Maj. Van Saun, the company commander, was reprimanded — even though he was some 5,000 miles away at Fort Bragg, North Carolina, at the time of the ambush. ODA 3212 commander Capt. Mike Perozeni received two reprimands, which were eventually rescinded. The team sergeant, another senior non-commissioned officer, and the company intelligence warrant officer also received reprimands. Each retired from service and Van Saun left the Army — though numerous officials such as Mitchell say his record should be cleared.

“[Van Saun] was a scapegoat to protect higher officers from being punished,” retired Special Operations Command-Africa commander Brig. Gen. Donald Bolduc said in an interview for the film last year. “It’s all about ‘The Club,’ all about protecting the establishment. It’s all about, you know, circling the wagons around the senior leaders.”

Van Saun’s boss, Lt. Col. David Painter, who from Chad had overruled Capt. Perozeni’s objections to carrying out the mission at the campsite, and Painter’s boss, Col. Bradley Moses, located in Germany, did not receive career-ending punishment, despite being deeply involved in the decision-making about ODA 3212’s missions.

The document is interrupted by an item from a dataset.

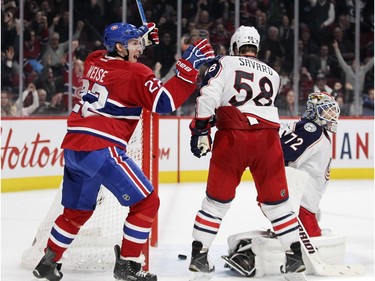 Montreal Canadiens Dale Weise celebrates team-mate Max Pacioretty's game-winning goal against the Columbus Blue Jackets during third period of National Hockey League game in Montreal Tuesday December 1, 2015. Blue Jackets goalie Sergei Bobrovsky and defenceman David Savard watch.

Pentagon officials have declined any comment on the ABC News investigation when contacted multiple times since 2018, including dozens of questions sent to Maj. Gen. Roger Cloutier of AFRICOM and to officials with U.S. Army Special Operations Command and the Office of the Secretary of Defense in late 2020. The AFRICOM report in its entirety was deleted from the Department of Defense’s own websites two months after its release in June 2019, according to cached copies on the nonprofit site Archive.org.

In a brief interview with ABC News in a congressional hallway in 2019, AFRICOM’s Gen. Waldhauser denied his investigators had withheld information from the families that Capt. Perozeni had pushed back on the missions. He also said he did not intend to hurt the families with his disparaging public remarks about the team.

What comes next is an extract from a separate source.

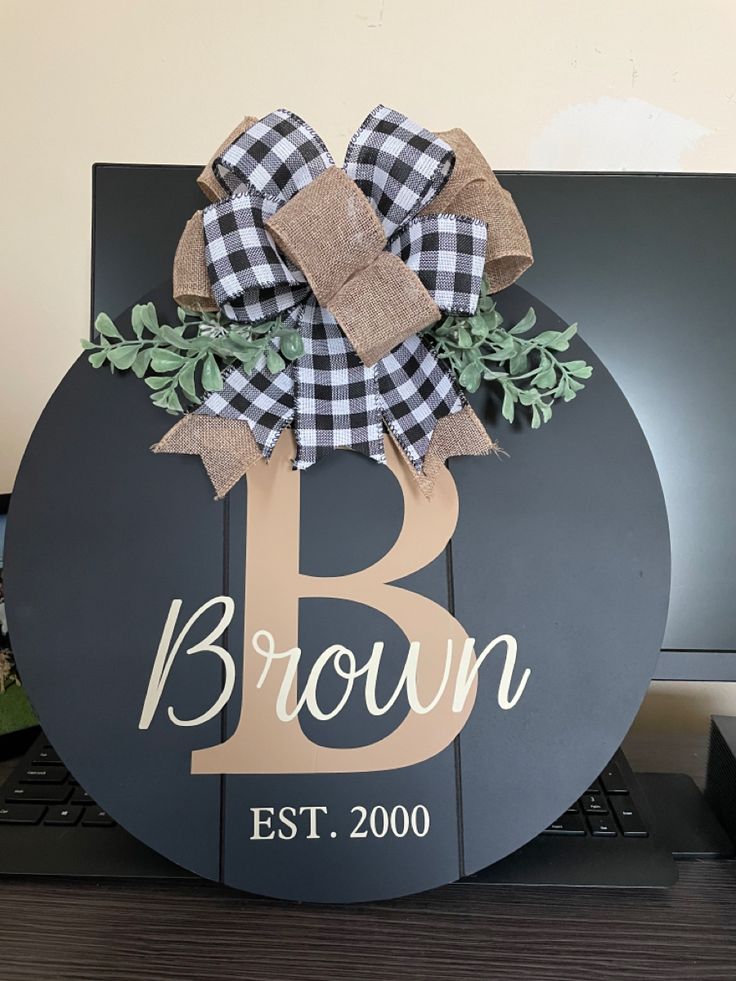 a black and white sign with a bow on it that says brown est 2000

“Well, maybe he didn’t mean to hurt us — but he did. And not just as a Gold Star mother who’s lost a child, but as an American,” Terri Criscio, Dustin Wright’s mother and herself an Army veteran, said in an interview for the film. “Why would you throw your people under the bus? Why would you blame your men who were following your orders and who you’re responsible for?”

“Honor those whose souls are forever changed”

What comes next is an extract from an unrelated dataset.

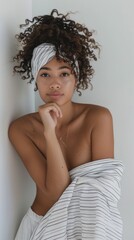 Wall Mural - A woman with curly hair is wearing a white and black striped scarf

Col. Bradley Moses retired this year after his promotion to brigadier general had been denied by the U.S. Senate without comment. Lt. Col. David Painter’s promotion to colonel also was denied by the Senate.

Roger Cloutier, in the meantime, was promoted to lieutenant general.

“My first responsibility was to the families of the fallen,” Cloutier said at the 2018 Pentagon press briefing.

But the families say he and Gen. Waldhauser failed them by disparaging their loved ones’ valor and honor by falsely accusing ODA 3212 of a rogue and reckless operation — rather than missions they were ordered to carry out, against their captain’s better judgment.

If he ever saw Cloutier again, “I’d put something on him he would remember as long as I’m gonna remember my son,” Arnold Wright said in an interview, his voice breaking.

In July, Army officials made the unprecedented decision to award LaDavid Johnson and Jeremiah Johnson the status of honorary Green Berets, though both were support soldiers and had never been selected for Special Forces. Family members perceived the ceremony as a form of recompense for the mistreatment of the families.

Jeremiah Johnson’s father, J.W. Johnson, said that the documentary “3212 UN-REDACTED” reveals the reality of war and the injustice suffered by ODA 3212 and their loved ones.

“Lives are lost and torn apart. Families receive apologies and sympathy. Some tiny pin for your lapel replaces a son,” the elder Johnson said in a statement to ABC News last week. “Those that are responsible smile with their non-genuine words and express what a perfect soldier your son was — ‘was’ being the verb. I hope Americans respect Gold Star families and honor those whose souls are forever changed because they lived through a nightmare.”